Constância e Perseverança


"Não tentes, mas se tentar, termina."Ovídio

A nossa vida passa freqüentemente por altos e baixos. Vez por outra caímos numa prostração sem fim, e queremos que esse nosso estado passe para o próximo, numa atitude de rebeldia às leis divinas. É preciso muita cautela para não estimular negativamente o ânimo de todos aqueles que convivem conosco, quer seja no clima familiar, quer seja no campo de nossos compromissos sociais. Vigiemos o nosso pensamento, a fim de que só saiam de nossa boca palavras que possam realmente auxiliar o nosso próximo.

Há diversas citações sobre o tema. "Deus está com os que perseveram"; "Aquele que perseverar até o fim, será salvo"; "Não interessa o que se trata de levar a termo: o que importa é perseverar até o fim"; "Somos precipitados, quando dizemos que a natureza nos negou isso ou aquilo. Um pouco mais de constância, e o resultado será oposto"; "Todas as estradas da vida têm os seus espinhos. Se entrares numa delas, prossegue, porque retroceder é covardia"; "Poucas são as coisas por si próprias impossíveis; e o que freqüentemente nos falta não são os meios para obtê-las, é a constância".

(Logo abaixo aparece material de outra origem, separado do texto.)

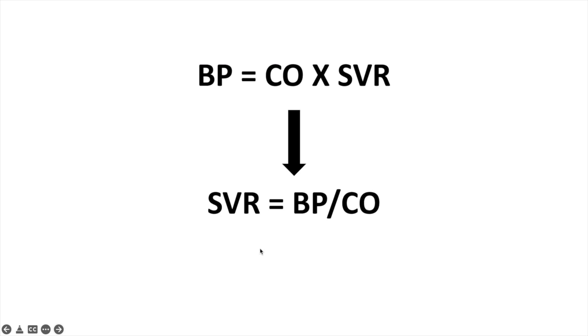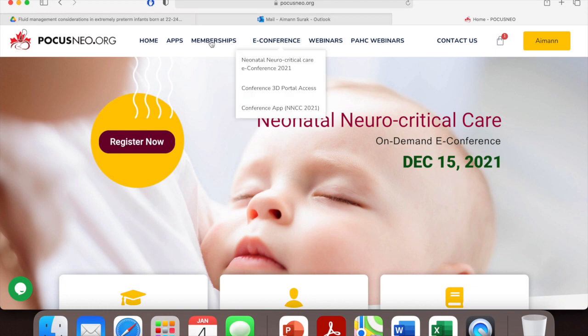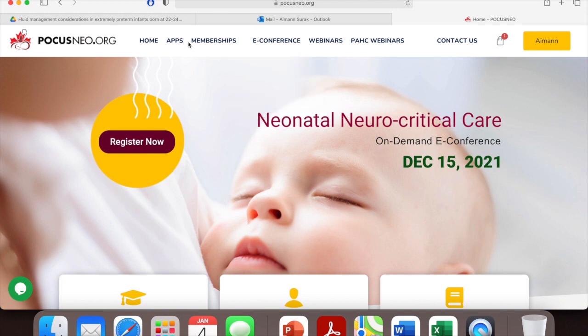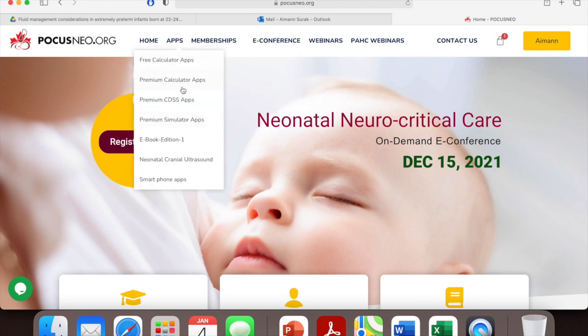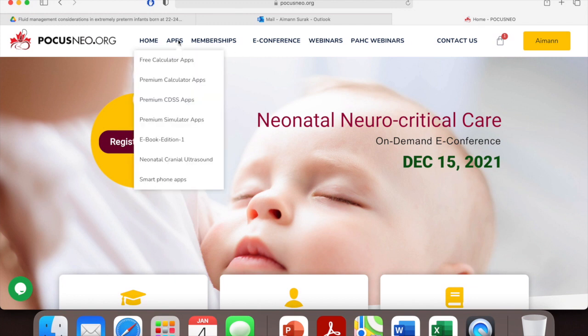For example, I'm going to show you a website that I use, which is focusneo.org. You do need a membership subscription to access their apps. There are some free apps, but to calculate the SVR you need a membership access.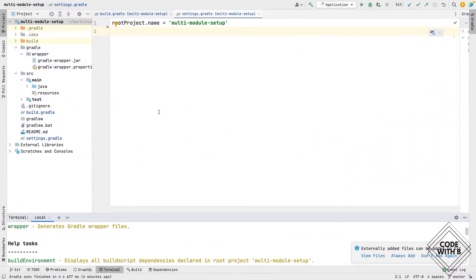Hi everyone, welcome to my channel Code with B. In this video I'll show you how to create a Gradle-based multi-module project. We will create different modules and see how we can utilize common dependencies across different modules, and also how to add the dependency of one module within another module.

Os pensadores e escritores cumpriram os seus deveres, ou seja, tornaram público o acervo de conhecimentos, útil ao aprimoramento do ser humano. Cabe-nos, por nossa vez, colocarmos em prática tudo o que lemos e ouvimos. O ensinamento é geral, mas a aplicação tem que ser particular. Não nos assemelhemos aos que estudam somente para passar os conhecimentos aos outros. Devemos, sim, procurar aplicá-los em nós mesmos, a fim de que o ensinamento produza os seus frutos sazonados.

Como querer que os outros nos compreendam se não estamos satisfeitos com o nosso próprio procedimento? Podemos até contar o número de vezes que somos obrigados a agir desta ou daquela forma, mesmo contrariados em nossos desejos e intenções. É preciso, pois, evitar o excesso de preocupação com os comentários e críticas menos felizes a nosso respeito, porque no dia do juízo final não iremos acertar contas com aqueles que malbarataram a vida, mas essencialmente com Aquele que nos emprestou a vida.

Continuemos a nossa jornada, apesar dos pensamentos sombrios. Repitamos os mesmos exercícios, porém com um ar de criatividade. Observe o Sol que nasce e morre todos os dias. Ele não reclama de sua situação, pois sua função é fornecer a luz e o calor necessários para o provimento de vida em nosso planeta. Por que estamos sempre descontentes com o nosso status quo? Sigamos o verso do Tao te Ching, de Lao-tsé, século V a.C.: "Sem sair a canto algum, conhecer o mundo inteiro. Sem olhar pela janela, descobrir o Céu e a Terra". Quer dizer, a felicidade não está no exterior, mas no âmago dos nossos sentimentos.

Perseveremos um pouco mais. Se o futuro parece mais sombrio, quem sabe não seja este o momento ideal em que a Providência está preparando a nossa promoção?